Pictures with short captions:
'''

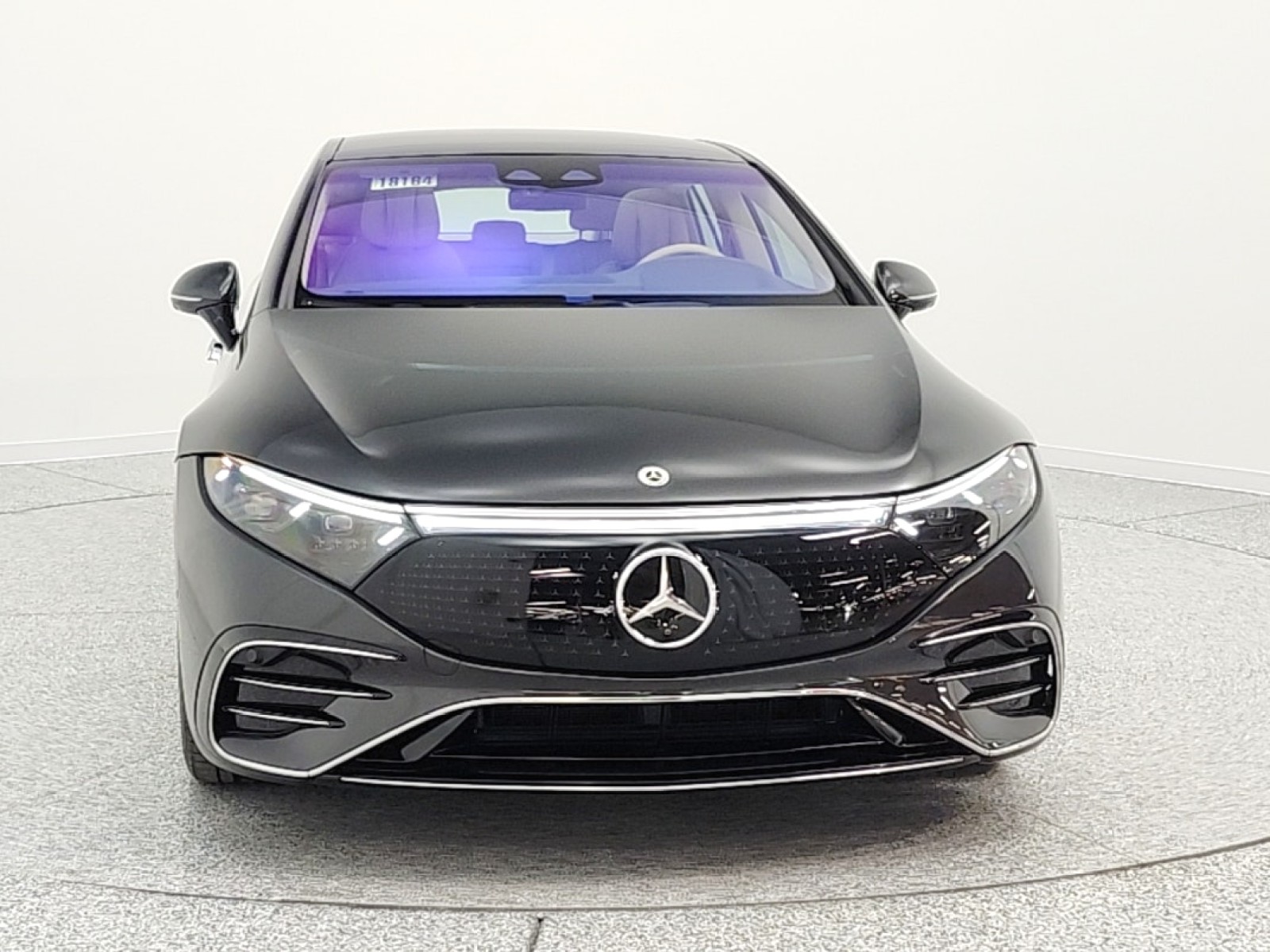 Used 2022 Graphite Grey Metallic Mercedes-Benz EQS 580 4MATIC® Sedan image 2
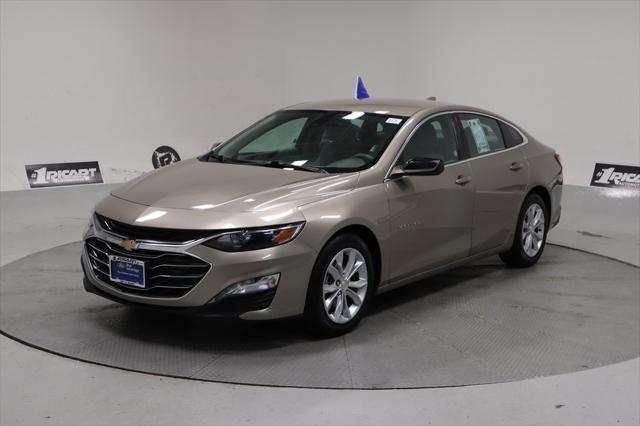 used 2022 Chevrolet Malibu car, priced at $15,341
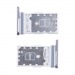 Держатель SIM для Samsung Galaxy S25/S25+ (S931B/S936B) Серый#2098864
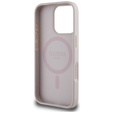 Etui Guess 4G Circle with Classic Logo, do MagSafe do iPhone 16 Pro Max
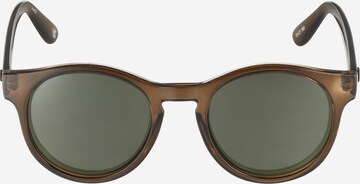 LE SPECS Okulary przeciwsłoneczne 'Hey Macarena' w kolorze zielony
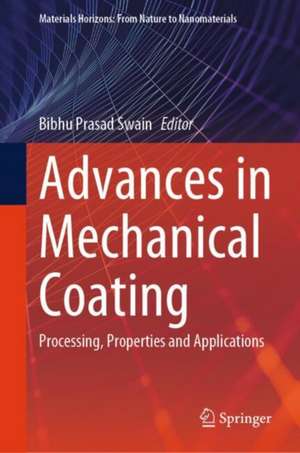 Advances in Mechanical Coating de Bibhu Prasad Swain
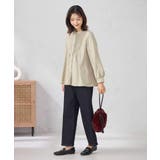 ピンタックフレアブラウス | a.v.v【WOMEN】 | 詳細画像12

'''

• Assigned task:
Once the pictures are set aside, restate the remaining data above exactly.

• Expected answer:
 Used 2022 Graphite Grey Metallic Mercedes-Benz EQS 580 4MATIC® Sedan image 2
 used 2022 Chevrolet Malibu car, priced at $15,341
 Держатель SIM для Samsung Galaxy S25/S25+ (S931B/S936B) Серый#2098864
 Etui Guess 4G Circle with Classic Logo, do MagSafe do iPhone 16 Pro Max
 LE SPECS Okulary przeciwsłoneczne 'Hey Macarena' w kolorze zielony
 Advances in Mechanical Coating de Bibhu Prasad Swain
 ピンタックフレアブラウス | a.v.v【WOMEN】 | 詳細画像12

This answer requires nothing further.